[tamamlandı - 15.12.19]
Her şey gecenin üçünde Whatsapp'dan gelen bir mesajla başladı.
055.....: *Fotoğraf. (03:00)
055.....: Şşşt yavru, hepsi senin mi? (03:00)
~
Yaşlı gözlerle izledi beni. Gözlerim, eminim ki onun güzel gözleri kadar kızarmıştı. Burnu kıpkırmızıydı, dudaklarımı burnuna bastırırken saçlarını okşadım usulca. Saçlarındaki elerimi tuttu ve avuç içimi öptü.
Yeni bir hıçkırık koyverirken dudaklarımdan ne yapacağımı bilemedim. Gidiyordum ve o, avuç içlerimi öpüyordu amansızca. Gözlerime baktı uzun bir süre, dudaklarını yaladı ve birkaç küçük mırıldı çıkartı.

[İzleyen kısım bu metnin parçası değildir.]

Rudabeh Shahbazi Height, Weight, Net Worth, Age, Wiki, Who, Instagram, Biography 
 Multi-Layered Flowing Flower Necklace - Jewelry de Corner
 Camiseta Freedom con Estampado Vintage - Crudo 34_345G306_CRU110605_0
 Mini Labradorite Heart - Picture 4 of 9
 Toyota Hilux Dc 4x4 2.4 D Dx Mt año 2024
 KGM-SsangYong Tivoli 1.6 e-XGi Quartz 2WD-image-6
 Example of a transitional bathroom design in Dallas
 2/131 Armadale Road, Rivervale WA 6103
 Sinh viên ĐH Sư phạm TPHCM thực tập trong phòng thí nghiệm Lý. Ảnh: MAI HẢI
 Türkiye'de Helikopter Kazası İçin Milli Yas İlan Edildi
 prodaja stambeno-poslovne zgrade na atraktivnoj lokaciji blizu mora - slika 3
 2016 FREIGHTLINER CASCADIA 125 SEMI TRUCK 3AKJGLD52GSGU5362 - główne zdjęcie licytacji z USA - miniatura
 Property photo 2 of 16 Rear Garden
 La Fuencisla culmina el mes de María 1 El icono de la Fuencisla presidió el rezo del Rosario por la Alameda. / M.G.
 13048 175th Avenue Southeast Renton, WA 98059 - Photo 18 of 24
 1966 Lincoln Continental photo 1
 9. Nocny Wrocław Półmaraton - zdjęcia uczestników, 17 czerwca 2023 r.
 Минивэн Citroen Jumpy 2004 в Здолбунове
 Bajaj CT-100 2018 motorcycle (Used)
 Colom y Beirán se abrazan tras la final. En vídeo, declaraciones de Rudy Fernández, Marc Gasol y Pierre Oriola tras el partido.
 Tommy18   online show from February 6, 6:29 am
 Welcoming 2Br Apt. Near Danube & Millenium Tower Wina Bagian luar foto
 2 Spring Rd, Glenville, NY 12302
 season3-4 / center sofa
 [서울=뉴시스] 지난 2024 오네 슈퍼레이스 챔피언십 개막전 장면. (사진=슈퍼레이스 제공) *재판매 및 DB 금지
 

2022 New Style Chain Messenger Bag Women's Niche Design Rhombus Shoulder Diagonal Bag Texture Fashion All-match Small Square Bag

"Gittiğin için özür dilerim, oysa ki gitmemen için her şeyi yaptığımı düşünüyordum. Yapamamışım, yalvarırım affet." Kalbim onun kamçılı sözleriyle ezilirken bu sözlerin beni kırmak için olmadığının bilincindeydim. Sakince geri çekildim ve son bir kez daha baktım kalbimi yakıp kavurtan bu adama. Çaresizdi, belki de benden bile çaresizdi.
Bizi bu hâle sokan annesine küfürler ettim en derinlerden. Kendimi geçtim canım olan oğlunu, bu duruma sokabildiği için nefret ettim anneliğinden.
Gözleri, hâlâ etkisi tam anlamıyla geçmemiş olan norkoz ile tekrardan kapanırken fısıldadı.
"Bu bir kabus ve uyandığımda yanımda olacaksın. Biliyorum, sen beni bırakmazsın."
Bıraktım, ben onu o sözlerine rağmen bıraktım.